Die geldpolitischen Falken aber schieben stattdessen «Inflationserwartungen» und «Verankerung» als Ersatz voran. Doch es geht bei der Frage, ob und wie man Erwartungen stabilisiert, viel mehr als nur um Inflation: eine gute Wirtschaftspolitik, die die Einkommenserwartungen der Bevölkerung und das Preisniveau stabilisiert.
Der neoklassische Arbeitsmarkt ist eine Fiktion
Es gibt gesamtwirtschaftlich keinen (funktionierenden) Arbeitsmarkt, weil es keinen Mechanismus gibt, wo man über sinkende Löhne die Beschäftigung erhöhen kann. Das ist der ursprüngliche Glaube (die Vorstellung, wo sich etwas ausgleicht, was nicht der Fall ist), der fundamental falsch ist. Es geht eher um Arbeitsbeziehungen, die vernünftig geregelt werden müssen.
Die Tatsache, dass die Löhne die Preise bestimmen, schliesst eine neoklassische Funktionsweise des Arbeitsmarktes aus, bei dem die Reallöhne die Beschäftigung determinieren. Da Lohnsenkungen einen negativen Effekt auf die Güternachfrage haben und die Arbeitsnachfrage der Unternehmen bei sinkender Güternachfrage sinkt, sind Angebot und Nachfrage am Arbeitsmarkt nicht voneinander unabhängig. Lohnsenkung vernichtet Arbeitsplätze. Basta!

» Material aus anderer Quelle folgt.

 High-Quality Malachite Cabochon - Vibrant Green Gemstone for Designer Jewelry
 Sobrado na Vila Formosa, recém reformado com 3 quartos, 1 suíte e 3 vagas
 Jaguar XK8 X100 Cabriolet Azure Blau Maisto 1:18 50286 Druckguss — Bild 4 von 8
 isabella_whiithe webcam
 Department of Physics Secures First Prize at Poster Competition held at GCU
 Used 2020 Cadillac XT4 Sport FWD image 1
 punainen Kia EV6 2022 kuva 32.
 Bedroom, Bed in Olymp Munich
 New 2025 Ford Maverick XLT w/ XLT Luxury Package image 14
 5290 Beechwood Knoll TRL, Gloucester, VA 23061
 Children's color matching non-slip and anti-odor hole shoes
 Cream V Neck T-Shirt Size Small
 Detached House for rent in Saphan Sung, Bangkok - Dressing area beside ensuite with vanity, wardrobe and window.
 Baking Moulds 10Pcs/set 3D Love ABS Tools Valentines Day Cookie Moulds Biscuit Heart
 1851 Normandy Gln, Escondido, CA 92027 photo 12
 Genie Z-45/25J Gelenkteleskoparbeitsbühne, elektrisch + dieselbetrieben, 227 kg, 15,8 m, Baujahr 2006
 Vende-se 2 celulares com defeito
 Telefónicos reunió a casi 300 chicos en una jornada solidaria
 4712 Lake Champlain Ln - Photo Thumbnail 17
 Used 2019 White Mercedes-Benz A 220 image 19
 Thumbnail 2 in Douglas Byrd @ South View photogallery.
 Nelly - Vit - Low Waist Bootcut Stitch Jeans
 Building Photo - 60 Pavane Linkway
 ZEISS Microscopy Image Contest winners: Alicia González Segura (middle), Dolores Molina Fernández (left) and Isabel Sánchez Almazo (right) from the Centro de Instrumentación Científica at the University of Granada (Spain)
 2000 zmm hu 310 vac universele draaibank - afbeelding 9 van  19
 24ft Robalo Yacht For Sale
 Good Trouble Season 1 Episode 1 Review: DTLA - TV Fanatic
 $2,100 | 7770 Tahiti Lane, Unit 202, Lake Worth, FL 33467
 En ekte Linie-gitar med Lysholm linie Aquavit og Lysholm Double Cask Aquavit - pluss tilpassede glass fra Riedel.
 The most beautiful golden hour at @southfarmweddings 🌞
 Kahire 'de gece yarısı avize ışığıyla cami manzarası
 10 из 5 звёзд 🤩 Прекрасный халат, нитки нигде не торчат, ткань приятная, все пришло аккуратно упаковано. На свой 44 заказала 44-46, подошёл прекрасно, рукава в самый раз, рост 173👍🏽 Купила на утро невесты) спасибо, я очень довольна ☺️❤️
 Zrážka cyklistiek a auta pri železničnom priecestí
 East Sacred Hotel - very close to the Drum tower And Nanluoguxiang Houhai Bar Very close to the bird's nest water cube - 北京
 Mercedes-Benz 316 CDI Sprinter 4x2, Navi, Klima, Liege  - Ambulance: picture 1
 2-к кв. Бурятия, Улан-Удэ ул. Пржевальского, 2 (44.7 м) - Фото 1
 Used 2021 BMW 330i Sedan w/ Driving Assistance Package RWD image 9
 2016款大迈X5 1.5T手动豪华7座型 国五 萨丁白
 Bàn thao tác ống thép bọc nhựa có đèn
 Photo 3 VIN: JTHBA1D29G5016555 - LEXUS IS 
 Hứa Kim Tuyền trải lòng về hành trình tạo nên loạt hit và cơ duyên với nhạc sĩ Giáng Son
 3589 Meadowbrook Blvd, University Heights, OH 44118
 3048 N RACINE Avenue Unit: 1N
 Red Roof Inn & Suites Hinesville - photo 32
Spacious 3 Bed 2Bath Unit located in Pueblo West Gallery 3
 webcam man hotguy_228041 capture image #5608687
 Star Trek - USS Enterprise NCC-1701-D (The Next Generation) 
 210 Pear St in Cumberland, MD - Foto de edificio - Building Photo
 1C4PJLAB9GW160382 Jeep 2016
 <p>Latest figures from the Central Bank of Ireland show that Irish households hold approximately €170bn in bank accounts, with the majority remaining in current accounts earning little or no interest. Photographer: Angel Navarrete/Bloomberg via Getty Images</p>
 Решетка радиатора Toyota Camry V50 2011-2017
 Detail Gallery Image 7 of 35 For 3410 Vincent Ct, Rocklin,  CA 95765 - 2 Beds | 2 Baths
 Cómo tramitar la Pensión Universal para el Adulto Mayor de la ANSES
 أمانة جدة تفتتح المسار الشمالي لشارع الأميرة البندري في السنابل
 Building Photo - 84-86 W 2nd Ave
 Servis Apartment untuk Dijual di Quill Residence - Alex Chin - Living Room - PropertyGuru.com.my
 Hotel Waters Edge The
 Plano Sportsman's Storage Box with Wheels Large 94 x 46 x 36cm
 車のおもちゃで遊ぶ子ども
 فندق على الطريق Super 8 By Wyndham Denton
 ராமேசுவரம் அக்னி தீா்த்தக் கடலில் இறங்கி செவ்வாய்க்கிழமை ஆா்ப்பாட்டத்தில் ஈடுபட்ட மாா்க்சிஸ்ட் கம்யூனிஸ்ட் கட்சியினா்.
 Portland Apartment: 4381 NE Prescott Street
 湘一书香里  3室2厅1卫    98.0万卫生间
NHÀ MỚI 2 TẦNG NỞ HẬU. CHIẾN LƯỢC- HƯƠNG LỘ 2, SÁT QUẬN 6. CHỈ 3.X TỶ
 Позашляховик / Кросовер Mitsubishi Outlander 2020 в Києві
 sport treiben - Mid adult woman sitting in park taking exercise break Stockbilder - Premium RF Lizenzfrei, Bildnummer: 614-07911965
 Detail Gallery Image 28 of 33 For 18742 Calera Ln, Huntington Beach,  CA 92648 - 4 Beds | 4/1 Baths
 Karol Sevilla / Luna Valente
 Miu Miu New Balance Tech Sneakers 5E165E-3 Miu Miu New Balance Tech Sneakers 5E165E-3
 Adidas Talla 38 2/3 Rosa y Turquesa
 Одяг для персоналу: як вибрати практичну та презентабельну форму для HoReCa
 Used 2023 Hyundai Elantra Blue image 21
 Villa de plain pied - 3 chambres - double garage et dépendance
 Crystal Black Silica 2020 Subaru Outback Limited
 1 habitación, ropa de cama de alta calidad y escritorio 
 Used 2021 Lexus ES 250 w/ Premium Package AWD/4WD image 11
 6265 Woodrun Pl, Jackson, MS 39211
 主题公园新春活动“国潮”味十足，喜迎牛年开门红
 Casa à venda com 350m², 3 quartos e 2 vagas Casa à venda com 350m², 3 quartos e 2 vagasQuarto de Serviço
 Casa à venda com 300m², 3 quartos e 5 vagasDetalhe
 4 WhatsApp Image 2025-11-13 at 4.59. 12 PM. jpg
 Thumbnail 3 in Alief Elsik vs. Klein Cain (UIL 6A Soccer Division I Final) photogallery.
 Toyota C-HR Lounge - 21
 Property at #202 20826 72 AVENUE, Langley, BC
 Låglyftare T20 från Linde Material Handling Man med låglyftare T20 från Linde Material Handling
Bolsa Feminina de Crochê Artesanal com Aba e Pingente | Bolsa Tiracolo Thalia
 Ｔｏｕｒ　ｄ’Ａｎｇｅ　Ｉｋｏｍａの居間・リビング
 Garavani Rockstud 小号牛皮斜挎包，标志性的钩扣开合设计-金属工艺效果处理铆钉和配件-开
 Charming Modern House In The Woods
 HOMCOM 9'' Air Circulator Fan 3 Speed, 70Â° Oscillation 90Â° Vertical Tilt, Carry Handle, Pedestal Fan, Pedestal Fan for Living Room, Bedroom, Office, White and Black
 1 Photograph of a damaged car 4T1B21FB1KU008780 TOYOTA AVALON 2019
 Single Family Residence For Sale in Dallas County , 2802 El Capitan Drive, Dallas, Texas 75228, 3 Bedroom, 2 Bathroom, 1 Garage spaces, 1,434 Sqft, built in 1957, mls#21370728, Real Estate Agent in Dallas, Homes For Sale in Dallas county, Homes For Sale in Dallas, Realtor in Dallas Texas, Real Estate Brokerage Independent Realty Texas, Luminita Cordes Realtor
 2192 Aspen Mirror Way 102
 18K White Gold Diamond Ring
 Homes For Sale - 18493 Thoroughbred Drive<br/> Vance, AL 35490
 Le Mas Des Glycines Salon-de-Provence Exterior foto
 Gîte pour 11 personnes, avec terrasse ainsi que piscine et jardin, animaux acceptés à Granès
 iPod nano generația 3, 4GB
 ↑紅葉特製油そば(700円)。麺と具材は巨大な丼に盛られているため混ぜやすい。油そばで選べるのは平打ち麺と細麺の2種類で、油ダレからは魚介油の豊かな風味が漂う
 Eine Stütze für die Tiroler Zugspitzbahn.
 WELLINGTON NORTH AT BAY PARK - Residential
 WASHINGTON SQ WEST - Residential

Entlohnung nach der individuellen Grenzproduktivität
Die neoklassische Theorie erweckt den Eindruck, als ob es so etwas wie eine individuelle Grenzproduktivität gäbe und jede darüber hinaus gehende Entlohnung einen Verlust für die Unternehmen bedeuten würde. Doch das ist eine unrealistische Annahme, da der Arbeitnehmer keine feststehende, sondern viele verschiedene Produktivitätspotentiale hat. Die Löhne stehen im Durchschnitt der Volkswirtschaft in einer engen Beziehung zur Produktivität. Die Idee einer individuellen Grenzproduktivität ist daher unhaltbar, weil das, was letztlich Produktivität bedeutet, von den Löhnen selbst abhängt.
«Die Grundlagen einer relevanten Ökonomik» ist eine fesselnde Lektüre für jeden, der sich für die moderne Wirtschaft interessiert.
Eines der herausragenden Merkmale dieses Buches sind die vielfältigen und aufschlussreichen Grafiken, die dazu beitragen, komplexe Theorien auf visuell ansprechende Weise zu erklären.
Diese Grafiken («A Chart Nirvana») stellen einen enormen Mehrwert dar, da sie schwierige Konzepte zugänglich machen und das Lernerlebnis insgesamt verbessern. Das Buch schafft ein Gleichgewicht zwischen Tiefe und Klarheit und bietet den Lesern sowohl ein umfassendes Verständnis der wirtschaftlichen Prinzipien als auch eine angenehme Lektüre.
Ich empfehle es jedem, der sein Wissen über Wirtschaft mit frischen, zum Nachdenken anregenden Perspektiven vertiefen möchte.